Plus, your incredulity at the thought of "love" between single-celled organisms is without basis. Love is a subjective state which we can only infer. We (well, some of us, not you I guess) think it's real because we've felt it at a level to which to describe it as not real would do violence to our conception of real/unreal.

And then we infer that it's felt in other organisms around us based on their actions.

Now, a single-celled organism really doesn't have a great range of "actions/behaviors" it can show us. Therefore we don't get to see it. This says nothing about whether it's experienced or not.
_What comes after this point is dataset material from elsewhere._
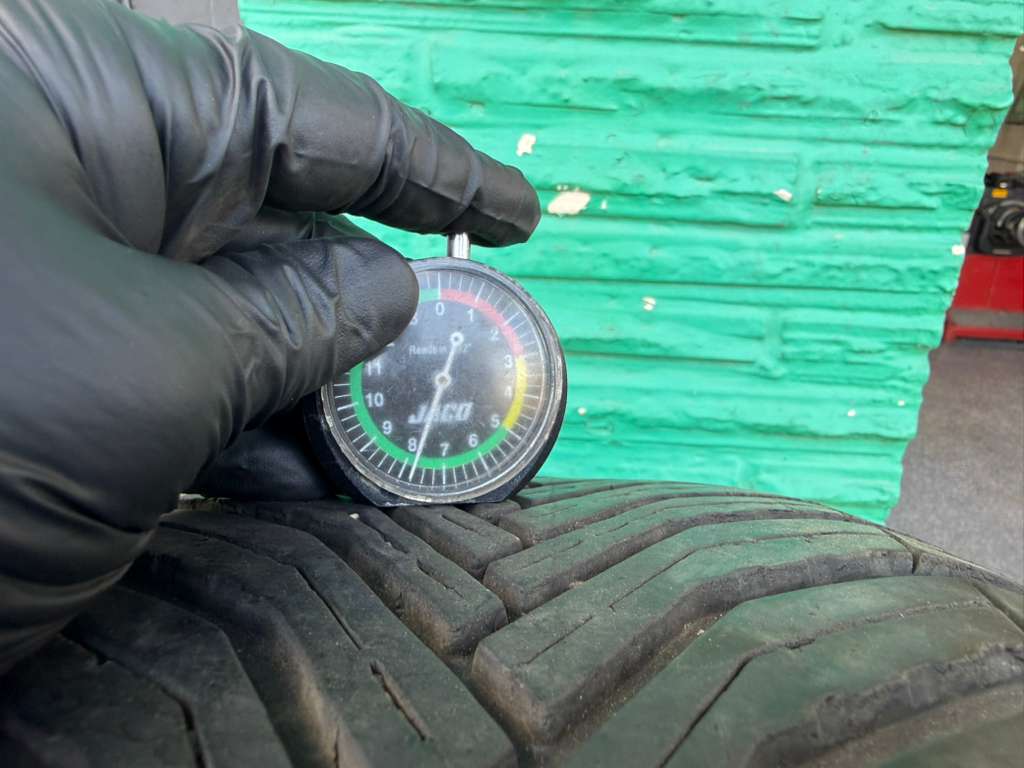 235/55R20 Set (4 Used Tires) Michelin Cross Climate 2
>Animals also take care of their young, they often mourn those who died

Animals also kill their young on purpose, including people.

Do your cells in your eyes and in your butt love each other? If so, you have a pretty flexible definition of love.

Of course love is a thing, but is a much more recent phenomenon than pain. This is why it's much easier to feel pain, that in it is to feel love.

Humans and elements have a "S-shaped" function in which they rather avoid pain than feel pleasure. Would you rather feel a lot of joy for an hour or not be tortured for an hour? Most choose the latter: the stick is more powerful than the carrot.

I think it's a little disingenuous to that animals feel "love." Neurochemically, it's a little unclear as to what the feeling of love even is. Pain, on the other hand, is quite clear.

Therefore, we can reasonably conclude that pain has been more of driving factor of evolution than love. And then in it also follows that pain has been more prevalent than love in the history of the world.

There are subjective and unknowable states. The whole world is not inside your head. By asserting that the cells in my butt can't possibly love each other, you've made a pretty lifeless machine psychology that I don't have to accept, happily. You can't even prove your idea -- I would like you to be aware you are making a faith-based argument. Anyway, cheers. :)
>> Animals also take care of their young, they often mourn those who died.

Many animals also eat their young. Taking care of their young is just as ingrained in their evolved behavior as eating them.

Otherwise, I agreed with the rest of your post. The whole "do <x> organism 'love'" concept is a bit of a mind bender as usual.

>> We, as beings, are irrelevent: just hosts for a game that is being played at a different level.

Careful there, you'll bring out a whole cadre of people dragging you over the coals with that sort of opinion. They'll call you "godless" or something else, which translates to "I can't debate your opinion, so neener-neener".